The program for the NYU semi-annual Poe event included a mixed bag of presenters including a veteran actor with a raven puppet reciting Poe’s most famous poem, a beatbox duo with a rendition of “Dream Within a Dream,” and a singer performing an original Poe-inspired song about what he claimed to be the biggest fear of New Yorkers — bedbugs!
Yeeeeeech! He’s right. The fear of a bedbug infestation is definitely up there with hurricane/blackouts and transit strikes. Very scary stuff! Those little bugs are tiny armies of monsters and no one is entirely safe.
But not all fears are equal.
There are rational fears, irrational fears and monsters that hover between the two. I think I’d put bedbugs into that monstrous category between what’s real and what’s a nightmarish fantasy.
Rational fears? Rational fears are very important. They are the ones that reign us in, tell us not to drive after a cocktail, remind us to check the battery in the carbon monoxide detector and make sure we look both ways at the cross walk. Rational fears are rooted in acknowledging the logical consequences — albeit unlikely consequences — of a specific choice or series of choices. Rational fears are significant plot devices for storytellers.

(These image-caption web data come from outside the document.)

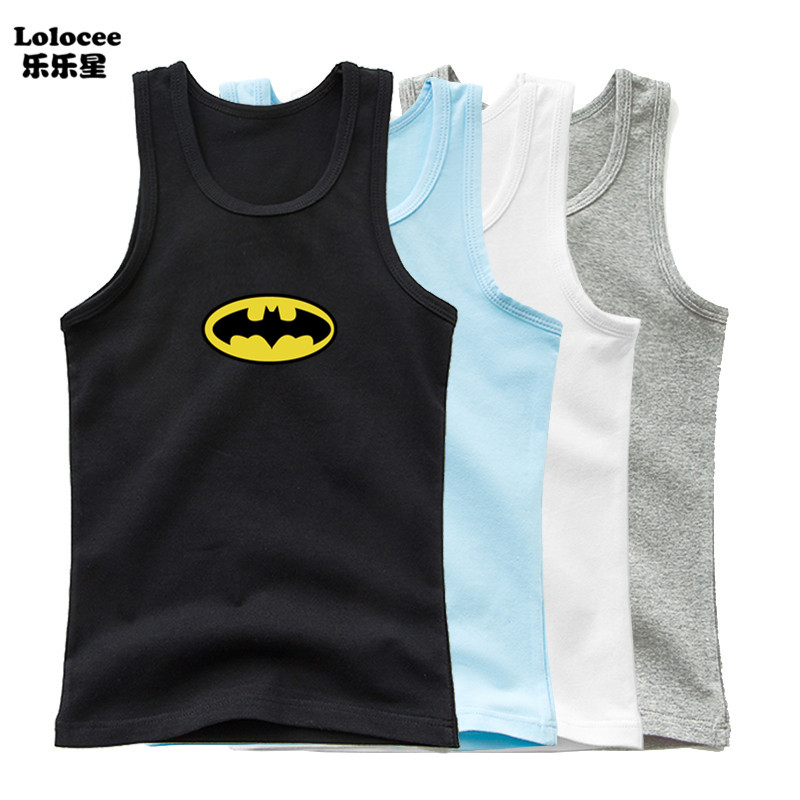 Áo Ba Lỗ Vải Cotton In Logo Batman Thời Trang Cá Tính Dành Cho Bé Trai 3-15 Tuổi
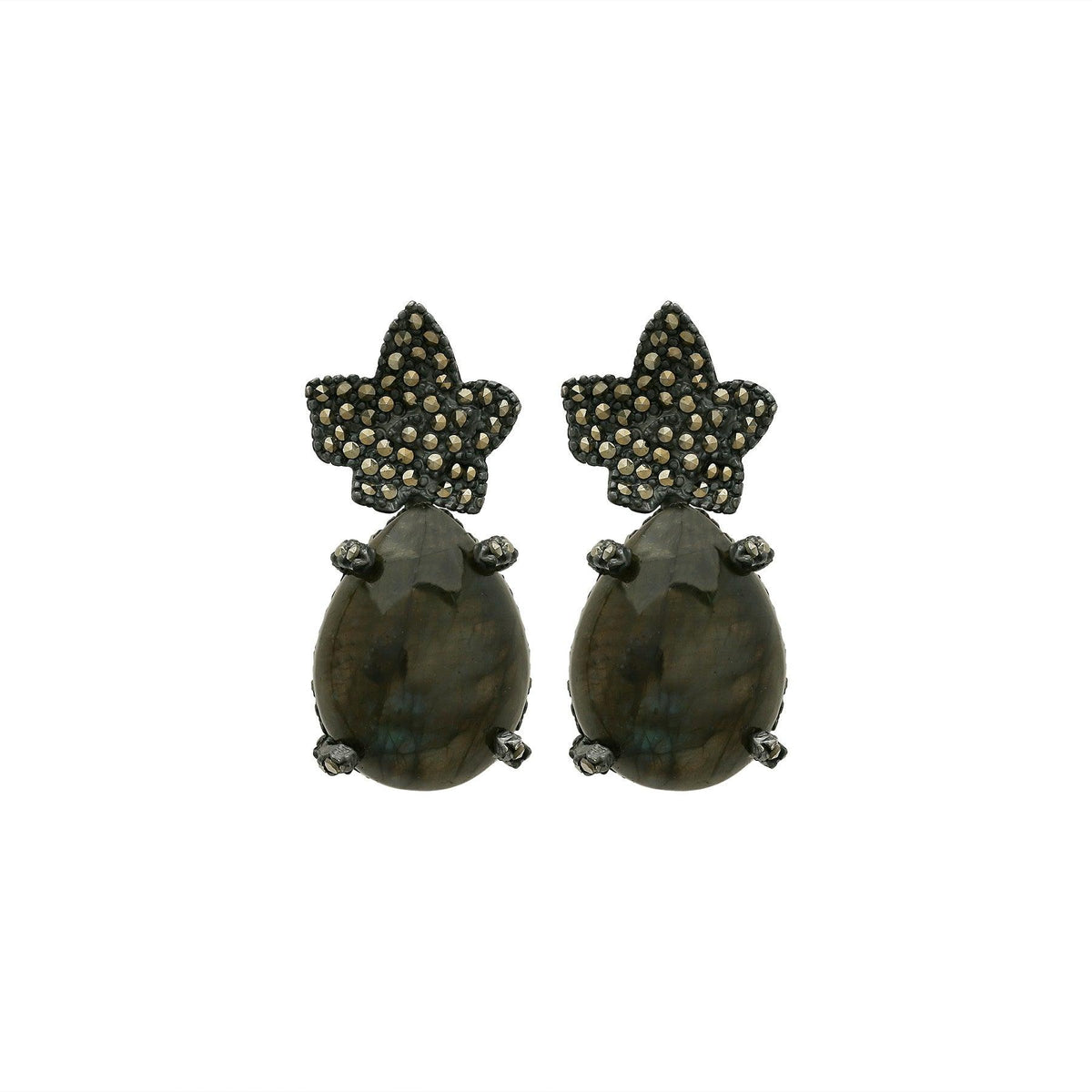 Arete flor maple + Drop labradorite desmontable Arete + Drop de Joyería Regina Castillo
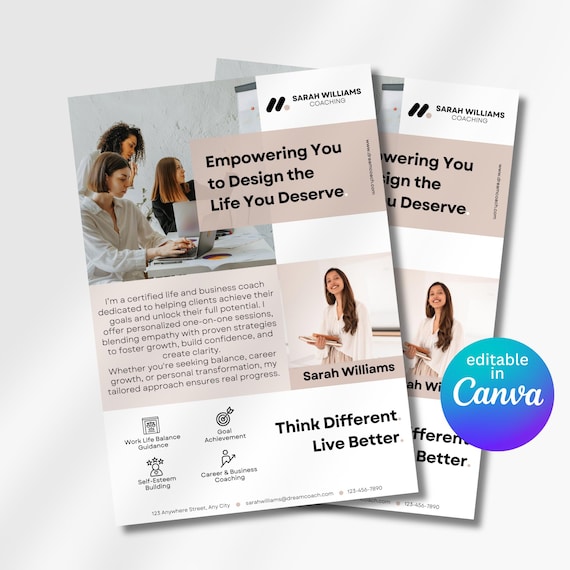 Life Coach Flyer Customizable Design Editable Canva Template About Me Flyer for Coaches Professional Marketing Material Business Promotion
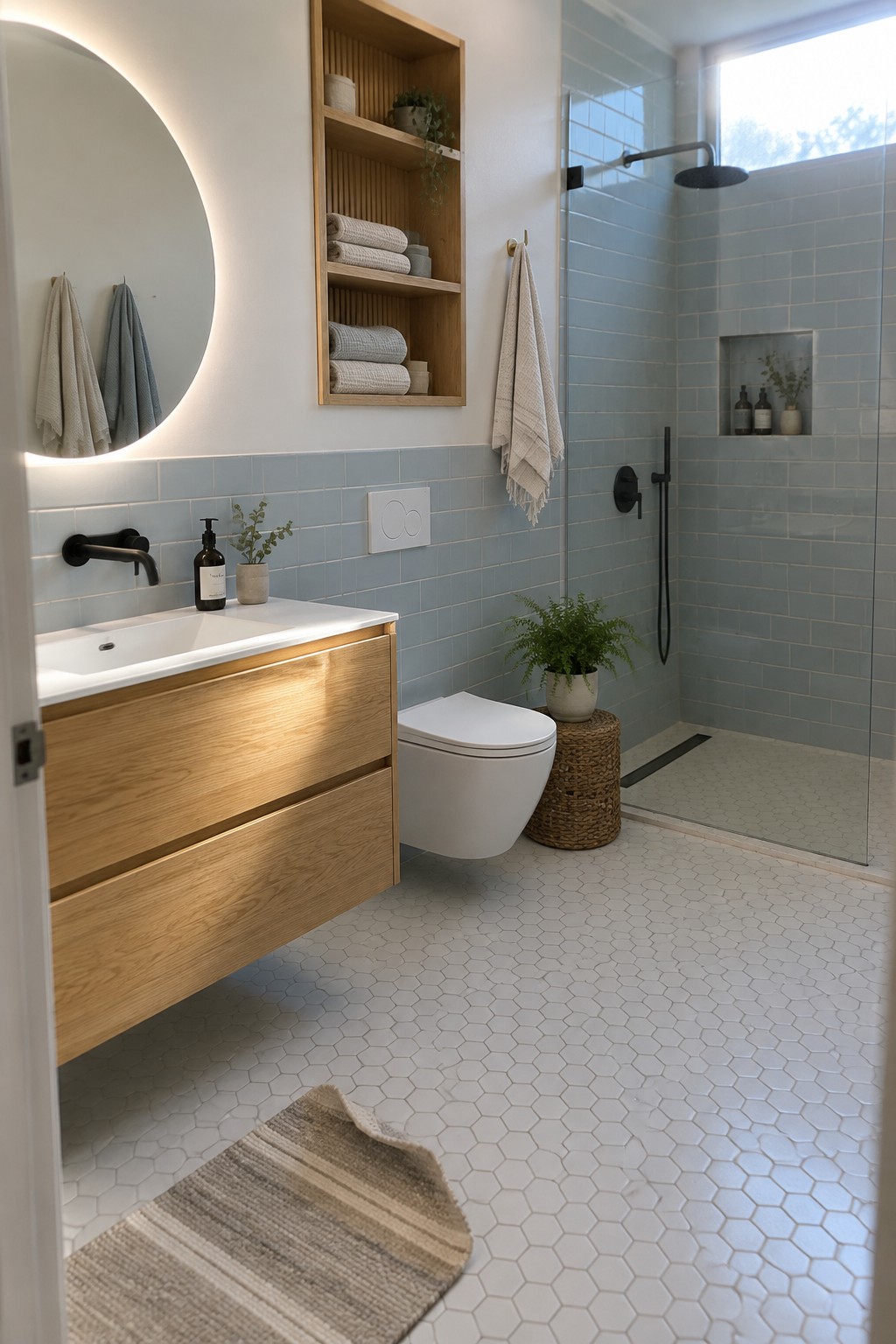 A small modern bathroom with a floating oak vanity, wall-mounted white toilet, light blue wall tiles, white hexagonal floor tiles, and a glass-enclosed shower.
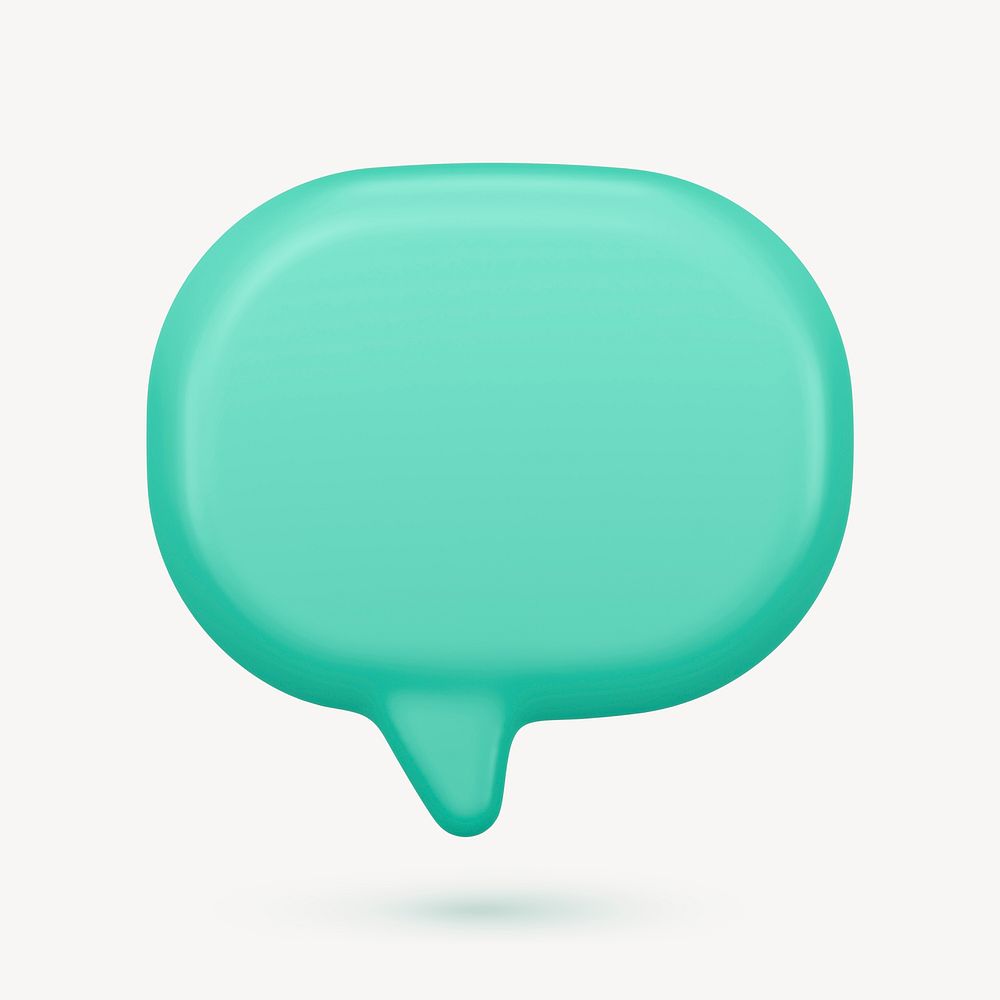 Green speech bubble sticker, 3D shape, marketing graphic psd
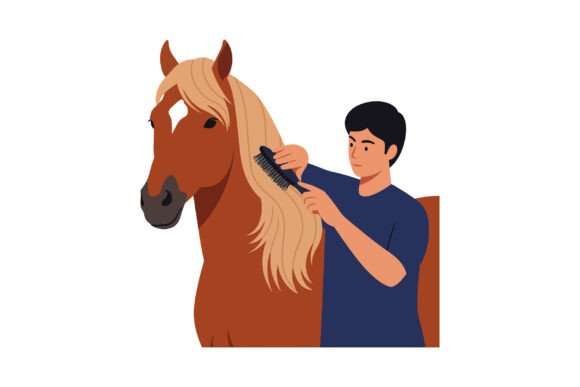 A Young Man Grooming a Horse with a Brus Graphics and Illustrations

I have a rational fear of falling. I’ve tripped and stumbled many, many times but, as an adult, I’ve only fallen twice. A few years ago I fell and I broke my elbow and a few months ago I fell and sprained my ankle. Both times I was walking quickly on the street, not thinking about the uneven pavement. It’s rational to fear a repeat. But I’m not an entirely rational creature. Now that my ankle is healing I’m back to walking full speed on the streets again. In a completely rational scenario, I’d slow down.
I have a completely irrational fear of rodents. I can’t explain it, but I’m terrified of them — out of proportion with their size or ability to do actual harm. Other people fear snakes, dogs, spiders, bridges, elevators, injection needles, thunder, escalators, crowded places, dentists, flying, dark rooms… all with that same sense of monstrous loathing.
Tweaking real fears (normal rational and irrational fears) and creating truly monstrous fears is the work of horror writers. Starting with a real fear and twisting it into an overwhelming terror is a recipe for making a MONSTER.
Hitchcock did this many times. The three that come to mind immediately are “Vertigo” (which recently knocked “Citizen Kane” out of the top spot on the Greatest Movie of All Time List); “The Birds” and “Psycho.” An amazing number of people took baths for months after that one. Hitchcock was a master of taking the minor and ordinary discomfort and turning it into a monster. Who doesn’t experience a little surge of adrenaline at a sound coming from the other side of a shower curtain?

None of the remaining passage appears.